Painting courtesy of artist, Martin Vogel. Click image to view his bio and portfolio.

Saturday, February 1, 2014

Booby Lift by Kathryn Merrifield

A friend of mine asked me what my best day at work was.

I told her, well, I have a lot of best days.  Mostly because I work a lot because I love to work.  Compared to life, it’s the easy stuff.  Measured goals and that kind of thing.  Having children taught me that everything else is the easy stuff.  People told me just that at one point.  I didn’t believe them, but I do now.

Enough whining.  I never liked parental whining, but I also don't like the parenting alone thing either. Where it used to take a village, now it takes money.

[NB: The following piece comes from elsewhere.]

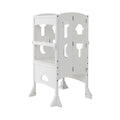 SEDOL Folding Montessori Learning Tower for Toddlers Space-Saving Height Adjustable Kitchen Helper Stool with Safety Latches and Full-Surround Guardrails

That’s a little morose, so forget that, and let's get back to laughing at something that pokes fun and my neatly contained late twenties self where I rewind to my most embarrassing work moment, that moment where you realize, “Gee, you’re not as pretty and desperate as all of these Hollywood girls.  And, really.  Who cares?”

Embarrassment, I have found, is that thing that makes me human when I don’t want to be.  That thing that needs you to be flawed, when you don’t want to be.  But, when you need to be.  Because your head needs a real Linda Blair 180, or needs to be birthed out of your stupidity or your ego that sent it down the wrong-ass path.

Whoooops!

This is what happens when the only rudder you’ve got is what your parents gave you in he spare time of no spare time (see no village, above).

That is not whining.  That is the truth.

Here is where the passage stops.